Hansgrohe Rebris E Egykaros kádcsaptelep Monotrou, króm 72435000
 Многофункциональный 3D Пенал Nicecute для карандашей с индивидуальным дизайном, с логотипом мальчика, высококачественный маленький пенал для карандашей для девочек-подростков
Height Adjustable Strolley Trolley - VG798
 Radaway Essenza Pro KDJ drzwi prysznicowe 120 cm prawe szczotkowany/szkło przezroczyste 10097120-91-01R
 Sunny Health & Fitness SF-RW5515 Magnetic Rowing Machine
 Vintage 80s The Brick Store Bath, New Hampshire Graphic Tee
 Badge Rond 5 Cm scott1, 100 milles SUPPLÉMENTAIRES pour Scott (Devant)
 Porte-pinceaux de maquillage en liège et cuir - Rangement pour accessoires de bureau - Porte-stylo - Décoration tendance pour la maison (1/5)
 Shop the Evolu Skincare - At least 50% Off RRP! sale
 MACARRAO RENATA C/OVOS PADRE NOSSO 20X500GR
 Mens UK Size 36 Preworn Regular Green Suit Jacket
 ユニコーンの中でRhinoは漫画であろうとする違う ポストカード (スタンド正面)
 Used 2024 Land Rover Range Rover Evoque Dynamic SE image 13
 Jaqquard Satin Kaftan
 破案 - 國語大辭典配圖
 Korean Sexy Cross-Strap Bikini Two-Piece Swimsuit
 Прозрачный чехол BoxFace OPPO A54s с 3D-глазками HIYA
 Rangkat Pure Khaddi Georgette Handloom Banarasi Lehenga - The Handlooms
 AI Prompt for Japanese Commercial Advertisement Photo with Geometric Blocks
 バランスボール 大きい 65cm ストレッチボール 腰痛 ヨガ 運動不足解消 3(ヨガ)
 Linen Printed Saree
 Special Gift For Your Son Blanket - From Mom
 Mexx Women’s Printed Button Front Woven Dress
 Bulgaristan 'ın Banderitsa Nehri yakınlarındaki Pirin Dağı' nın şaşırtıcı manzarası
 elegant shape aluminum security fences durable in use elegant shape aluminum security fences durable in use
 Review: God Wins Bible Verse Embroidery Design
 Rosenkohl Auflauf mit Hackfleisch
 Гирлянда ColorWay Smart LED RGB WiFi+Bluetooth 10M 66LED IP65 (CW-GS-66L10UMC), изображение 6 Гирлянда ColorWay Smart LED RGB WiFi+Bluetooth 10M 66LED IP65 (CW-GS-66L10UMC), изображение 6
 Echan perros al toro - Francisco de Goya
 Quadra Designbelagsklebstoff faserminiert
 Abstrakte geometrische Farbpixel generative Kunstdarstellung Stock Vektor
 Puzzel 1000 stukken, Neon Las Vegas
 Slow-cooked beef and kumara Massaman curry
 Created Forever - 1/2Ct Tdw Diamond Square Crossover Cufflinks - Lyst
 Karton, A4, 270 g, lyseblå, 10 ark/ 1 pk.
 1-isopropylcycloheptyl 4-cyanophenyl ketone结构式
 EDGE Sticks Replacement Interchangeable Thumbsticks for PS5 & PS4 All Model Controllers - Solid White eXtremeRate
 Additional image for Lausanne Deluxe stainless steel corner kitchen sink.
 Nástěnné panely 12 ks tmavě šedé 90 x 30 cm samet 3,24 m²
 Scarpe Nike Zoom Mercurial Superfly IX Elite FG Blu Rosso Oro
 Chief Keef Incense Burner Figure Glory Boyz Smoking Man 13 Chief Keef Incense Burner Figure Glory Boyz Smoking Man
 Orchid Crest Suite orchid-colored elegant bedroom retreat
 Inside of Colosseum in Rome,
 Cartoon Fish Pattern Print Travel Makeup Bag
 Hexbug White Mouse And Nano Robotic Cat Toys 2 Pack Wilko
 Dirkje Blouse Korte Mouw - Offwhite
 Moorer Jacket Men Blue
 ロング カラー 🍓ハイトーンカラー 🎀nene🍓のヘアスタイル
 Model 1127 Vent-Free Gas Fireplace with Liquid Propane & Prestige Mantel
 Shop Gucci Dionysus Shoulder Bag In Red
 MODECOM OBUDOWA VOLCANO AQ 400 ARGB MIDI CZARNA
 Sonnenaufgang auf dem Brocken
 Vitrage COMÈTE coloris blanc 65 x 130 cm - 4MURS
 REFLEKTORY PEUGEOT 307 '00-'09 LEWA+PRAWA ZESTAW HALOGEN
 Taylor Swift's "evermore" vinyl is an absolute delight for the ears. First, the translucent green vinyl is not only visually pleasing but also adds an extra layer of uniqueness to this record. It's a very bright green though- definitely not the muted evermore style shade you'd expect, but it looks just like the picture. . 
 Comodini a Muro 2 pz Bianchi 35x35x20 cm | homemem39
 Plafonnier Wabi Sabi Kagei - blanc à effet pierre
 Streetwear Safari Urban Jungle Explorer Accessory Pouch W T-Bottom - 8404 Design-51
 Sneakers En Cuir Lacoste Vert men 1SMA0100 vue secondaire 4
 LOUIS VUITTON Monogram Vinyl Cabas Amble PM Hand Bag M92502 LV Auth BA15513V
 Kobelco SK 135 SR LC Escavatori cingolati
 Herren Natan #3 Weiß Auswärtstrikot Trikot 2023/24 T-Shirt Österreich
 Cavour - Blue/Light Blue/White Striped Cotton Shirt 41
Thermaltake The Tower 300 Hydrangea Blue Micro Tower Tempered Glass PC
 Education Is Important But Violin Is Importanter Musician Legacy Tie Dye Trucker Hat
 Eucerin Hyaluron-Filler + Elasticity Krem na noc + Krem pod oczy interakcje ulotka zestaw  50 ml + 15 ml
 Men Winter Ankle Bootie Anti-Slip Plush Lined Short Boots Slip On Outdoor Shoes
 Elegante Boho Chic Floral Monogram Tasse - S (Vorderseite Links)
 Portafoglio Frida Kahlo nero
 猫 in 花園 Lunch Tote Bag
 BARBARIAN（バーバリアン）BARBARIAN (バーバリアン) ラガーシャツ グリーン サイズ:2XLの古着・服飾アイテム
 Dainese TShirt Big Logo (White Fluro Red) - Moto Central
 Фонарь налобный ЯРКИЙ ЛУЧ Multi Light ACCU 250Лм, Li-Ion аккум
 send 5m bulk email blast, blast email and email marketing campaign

*EXERCISE PROMPT*: The material must be repeated in full, with every line exact.

*RESPONSE TO THIS TASK*:
Hansgrohe Rebris E Egykaros kádcsaptelep Monotrou, króm 72435000
 Многофункциональный 3D Пенал Nicecute для карандашей с индивидуальным дизайном, с логотипом мальчика, высококачественный маленький пенал для карандашей для девочек-подростков
Height Adjustable Strolley Trolley - VG798
 Radaway Essenza Pro KDJ drzwi prysznicowe 120 cm prawe szczotkowany/szkło przezroczyste 10097120-91-01R
 Sunny Health & Fitness SF-RW5515 Magnetic Rowing Machine
 Vintage 80s The Brick Store Bath, New Hampshire Graphic Tee
 Badge Rond 5 Cm scott1, 100 milles SUPPLÉMENTAIRES pour Scott (Devant)
 Porte-pinceaux de maquillage en liège et cuir - Rangement pour accessoires de bureau - Porte-stylo - Décoration tendance pour la maison (1/5)
 Shop the Evolu Skincare - At least 50% Off RRP! sale
 MACARRAO RENATA C/OVOS PADRE NOSSO 20X500GR
 Mens UK Size 36 Preworn Regular Green Suit Jacket
 ユニコーンの中でRhinoは漫画であろうとする違う ポストカード (スタンド正面)
 Used 2024 Land Rover Range Rover Evoque Dynamic SE image 13
 Jaqquard Satin Kaftan
 破案 - 國語大辭典配圖
 Korean Sexy Cross-Strap Bikini Two-Piece Swimsuit
 Прозрачный чехол BoxFace OPPO A54s с 3D-глазками HIYA
 Rangkat Pure Khaddi Georgette Handloom Banarasi Lehenga - The Handlooms
 AI Prompt for Japanese Commercial Advertisement Photo with Geometric Blocks
 バランスボール 大きい 65cm ストレッチボール 腰痛 ヨガ 運動不足解消 3(ヨガ)
 Linen Printed Saree
 Special Gift For Your Son Blanket - From Mom
 Mexx Women’s Printed Button Front Woven Dress
 Bulgaristan 'ın Banderitsa Nehri yakınlarındaki Pirin Dağı' nın şaşırtıcı manzarası
 elegant shape aluminum security fences durable in use elegant shape aluminum security fences durable in use
 Review: God Wins Bible Verse Embroidery Design
 Rosenkohl Auflauf mit Hackfleisch
 Гирлянда ColorWay Smart LED RGB WiFi+Bluetooth 10M 66LED IP65 (CW-GS-66L10UMC), изображение 6 Гирлянда ColorWay Smart LED RGB WiFi+Bluetooth 10M 66LED IP65 (CW-GS-66L10UMC), изображение 6
 Echan perros al toro - Francisco de Goya
 Quadra Designbelagsklebstoff faserminiert
 Abstrakte geometrische Farbpixel generative Kunstdarstellung Stock Vektor
 Puzzel 1000 stukken, Neon Las Vegas
 Slow-cooked beef and kumara Massaman curry
 Created Forever - 1/2Ct Tdw Diamond Square Crossover Cufflinks - Lyst
 Karton, A4, 270 g, lyseblå, 10 ark/ 1 pk.
 1-isopropylcycloheptyl 4-cyanophenyl ketone结构式
 EDGE Sticks Replacement Interchangeable Thumbsticks for PS5 & PS4 All Model Controllers - Solid White eXtremeRate
 Additional image for Lausanne Deluxe stainless steel corner kitchen sink.
 Nástěnné panely 12 ks tmavě šedé 90 x 30 cm samet 3,24 m²
 Scarpe Nike Zoom Mercurial Superfly IX Elite FG Blu Rosso Oro
 Chief Keef Incense Burner Figure Glory Boyz Smoking Man 13 Chief Keef Incense Burner Figure Glory Boyz Smoking Man
 Orchid Crest Suite orchid-colored elegant bedroom retreat
 Inside of Colosseum in Rome,
 Cartoon Fish Pattern Print Travel Makeup Bag
 Hexbug White Mouse And Nano Robotic Cat Toys 2 Pack Wilko
 Dirkje Blouse Korte Mouw - Offwhite
 Moorer Jacket Men Blue
 ロング カラー 🍓ハイトーンカラー 🎀nene🍓のヘアスタイル
 Model 1127 Vent-Free Gas Fireplace with Liquid Propane & Prestige Mantel
 Shop Gucci Dionysus Shoulder Bag In Red
 MODECOM OBUDOWA VOLCANO AQ 400 ARGB MIDI CZARNA
 Sonnenaufgang auf dem Brocken
 Vitrage COMÈTE coloris blanc 65 x 130 cm - 4MURS
 REFLEKTORY PEUGEOT 307 '00-'09 LEWA+PRAWA ZESTAW HALOGEN
 Taylor Swift's "evermore" vinyl is an absolute delight for the ears. First, the translucent green vinyl is not only visually pleasing but also adds an extra layer of uniqueness to this record. It's a very bright green though- definitely not the muted evermore style shade you'd expect, but it looks just like the picture. . 
 Comodini a Muro 2 pz Bianchi 35x35x20 cm | homemem39
 Plafonnier Wabi Sabi Kagei - blanc à effet pierre
 Streetwear Safari Urban Jungle Explorer Accessory Pouch W T-Bottom - 8404 Design-51
 Sneakers En Cuir Lacoste Vert men 1SMA0100 vue secondaire 4
 LOUIS VUITTON Monogram Vinyl Cabas Amble PM Hand Bag M92502 LV Auth BA15513V
 Kobelco SK 135 SR LC Escavatori cingolati
 Herren Natan #3 Weiß Auswärtstrikot Trikot 2023/24 T-Shirt Österreich
 Cavour - Blue/Light Blue/White Striped Cotton Shirt 41
Thermaltake The Tower 300 Hydrangea Blue Micro Tower Tempered Glass PC
 Education Is Important But Violin Is Importanter Musician Legacy Tie Dye Trucker Hat
 Eucerin Hyaluron-Filler + Elasticity Krem na noc + Krem pod oczy interakcje ulotka zestaw  50 ml + 15 ml
 Men Winter Ankle Bootie Anti-Slip Plush Lined Short Boots Slip On Outdoor Shoes
 Elegante Boho Chic Floral Monogram Tasse - S (Vorderseite Links)
 Portafoglio Frida Kahlo nero
 猫 in 花園 Lunch Tote Bag
 BARBARIAN（バーバリアン）BARBARIAN (バーバリアン) ラガーシャツ グリーン サイズ:2XLの古着・服飾アイテム
 Dainese TShirt Big Logo (White Fluro Red) - Moto Central
 Фонарь налобный ЯРКИЙ ЛУЧ Multi Light ACCU 250Лм, Li-Ion аккум
 send 5m bulk email blast, blast email and email marketing campaign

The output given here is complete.